Romans 16: Who was Phoebe?
In my last post I wrote about the insight that Romans chapter 16 gives us into the diverse and vibrant community of the early church. If you missed it, you can click here to read it. In this post I’m going to introduce one of the many woman mentioned in Romans 16. Most of the names in this chapter are members of the Roman church that Paul is sending greetings to. Phoebe, however, was not a member of the Roman church but lived in Cenchreae, a port town near the city of Corinth. Corinth was where Paul was staying when he wrote the letter to the Romans.
Ancient mail delivery
In the Roman Empire, there was no postal service available for everyone to use. Therefore, if you wanted to send a letter you had to find someone to deliver it for you. Paul regularly dispatched his co-workers for this very purpose: to deliver his letters and to serve as his representatives and the letters’ first interpreters for the communities that received them.

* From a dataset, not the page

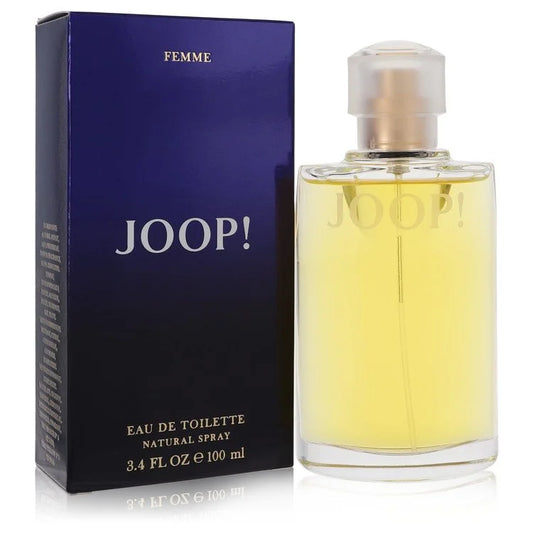 Joop!    Women    Joop    100 ml Eau De Toilette Spray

In the case of the letter to the Romans, it was Phoebe who was sent to Rome with Paul’s letter. So Phoebe not only traveled from Corinth in Greece to the city of Rome (no small undertaking in the ancient world!), but she also represented Paul and his gospel message to the Roman Christians. Imagine receiving such a letter and hearing it read aloud for the first time. Members of the Roman community were no doubt full of questions after it was read. Phoebe was the person would could answer their questions and explain further what Paul meant, due to her first hand knowledge of Paul’s message and her experience of serving the gospel alongside him as a co-worker. Phoebe was the first interpreter of Paul’s letter to the Romans.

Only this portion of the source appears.